The movable walls are treated with natural textures so that we have control over when we want to bring these natural elements into the space… closing the walls to either hide or reveal them when the occasion requires them.
Again creating a flexible system that allows the space to be reactive to a wide range of requirements. Using these feature walls when and where required without the cost of time or additional space, providing the client with a flexibility that fosters creativity.
Foilage finish
Stone Finish
Wood Finish
Rock Finish
Material choices are driven by weight, durability and how quickly each component can be fabricated and installed. Most elements follow a modular approach so pieces can be built off-site, transported easily and assembled with minimal on-site tooling. The main friction points come from the heavier structures—anything that requires reinforcement, counterweights or lifting equipment tends to slow down the schedule and limit how much we can reconfigure once we’re in the space.
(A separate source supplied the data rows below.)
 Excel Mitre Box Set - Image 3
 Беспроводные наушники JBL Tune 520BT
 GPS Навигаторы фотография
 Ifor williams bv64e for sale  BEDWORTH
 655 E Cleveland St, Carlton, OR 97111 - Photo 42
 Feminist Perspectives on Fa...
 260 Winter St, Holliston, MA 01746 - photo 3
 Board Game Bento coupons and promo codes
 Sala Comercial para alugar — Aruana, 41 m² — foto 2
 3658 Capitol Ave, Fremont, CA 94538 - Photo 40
There are also trade-offs between speed and finish: some materials install quickly but give us less flexibility for detailing or integration. All of this sits under timeline pressure, so defining what must be custom and what can be standardised is key to keeping the build predictable.
Piazza inCooperazione opened to the public in December 2025, but it’s designed for the next ten years.
The inaugural program included a civic roundtable, symbolic performances, and the premiere of Cooperation is Present, a new film that tells the Federation’s story through the voices of its members.
What started as a one off turned into a prototype: a civic engine, a cultural platform, a place for the future to gather.
This was a true cooperative effort, concept to completion, daydream to delivery.